Australian Open officials to review extreme heat policy

Temperatures of over 40C were recorded at Melbourne Park during Friday’s play

Gael Monfils of France pours water over himself during a break in his match against Novak Djokovic of Serbia at the Australian Open. Photo: Thomas Peter/Reuters

Gael Monfils of France pours water over himself during a break in his match against Novak Djokovic of Serbia at the Australian Open. Photo: Thomas Peter/Reuters

 

Australian Open officials will review the extreme heat policy at the end of the tournament but insisted they take player welfare very seriously.

A two-day heatwave has seen matches at Melbourne Park played in soaring temperatures, which peaked on Friday at 40.2C.

But they were not deemed extreme enough for the tournament to implement its policy, which can see matches on open courts postponed and those on the show courts played with the roof closed.

Novak Djokovic and Gael Monfils both complained about the conditions they played in on Thursday. Monfils said he suffered a small heatstroke and felt he was dying on the court, while Djokovic believed the conditions were right at the limit of what was playable.

Djokovic also accused the tennis industry as a whole of not caring enough about the health of players.

Those playing on Friday seemed to cope better despite marginally hotter temperatures, although Frenchwoman Alize Cornet needed treatment after lying down on the court in her defeat by Elise Mertens.

Tournament director Craig Tiley said: “Protecting our players and the fairness of the competition is paramount in these conditions, which we acknowledge can be challenging.

“The players compete in hot conditions around the world. The Australian Open is one of the very few tournaments worldwide that has policies to deal with extreme heat and (we) have implemented these in the past when conditions exceeded the threshold.
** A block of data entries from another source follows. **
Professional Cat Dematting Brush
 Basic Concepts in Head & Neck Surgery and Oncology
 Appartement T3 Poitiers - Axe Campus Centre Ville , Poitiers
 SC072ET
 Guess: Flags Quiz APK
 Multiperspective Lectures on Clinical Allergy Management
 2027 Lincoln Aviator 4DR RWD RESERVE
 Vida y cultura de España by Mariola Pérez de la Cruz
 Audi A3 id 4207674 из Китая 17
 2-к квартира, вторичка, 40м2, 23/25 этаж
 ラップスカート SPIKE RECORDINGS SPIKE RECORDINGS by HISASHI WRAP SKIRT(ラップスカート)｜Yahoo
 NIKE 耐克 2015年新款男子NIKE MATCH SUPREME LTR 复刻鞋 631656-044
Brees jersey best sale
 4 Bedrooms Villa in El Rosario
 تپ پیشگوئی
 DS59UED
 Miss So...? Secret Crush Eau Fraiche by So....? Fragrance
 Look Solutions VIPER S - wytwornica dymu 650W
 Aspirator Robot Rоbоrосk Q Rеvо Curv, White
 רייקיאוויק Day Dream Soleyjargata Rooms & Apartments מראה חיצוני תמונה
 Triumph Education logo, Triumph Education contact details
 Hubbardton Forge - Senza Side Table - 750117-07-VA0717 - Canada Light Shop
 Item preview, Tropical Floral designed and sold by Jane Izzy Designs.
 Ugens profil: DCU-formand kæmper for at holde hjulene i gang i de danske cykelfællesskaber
“We work closely with our medical team to ensure players are educated on best practice in terms of preparing for the conditions, and as we know many of them come to Australia early so they can acclimatise.

“I’ve said before that many of the players train hard for these conditions, and expect to be able to play. Their preparation is admirable and, although many have found the past couple of days challenging, they’ve worked hard to compete at this level.

“The conditions of play are established prior to the event, and this includes the Extreme Heat Policy (EHP). We start the event with this set of rules and policies in place and, in the interest of fairness, can’t change them halfway through.

“Of course we all understand that to compete in these conditions is not easy. It’s also challenging for our team, particularly those working out on court, including the ball kids and officials. We do everything we can to help ease everyone’s discomfort in these conditions.

“At the end of every Australian Open we always review our policies and procedures and consult with all stakeholders. The EHP is no exception and we will again consult with the playing group on it.”

The extreme heat policy uses the Wet Bulb Globe Temperature (WBGT), which combines air temperature and humidity.

A WBGT reading of 32.5 with the temperature above 40C triggers a suspension in play but the peak on Friday was only 31.1.

Cornet believes the threshold is too high. She said: “I kind of felt that I could faint at any moment. Playing in this condition is of course very dangerous for the health of the player. I think this limit should be a little lower because playing in this condition is not nice for anyone.”

The policy was last implemented in 2014, when temperatures topped 40C for three days in succession. By Friday evening conditions had cooled significantly and were expected to be more temperate for the rest of the tournament.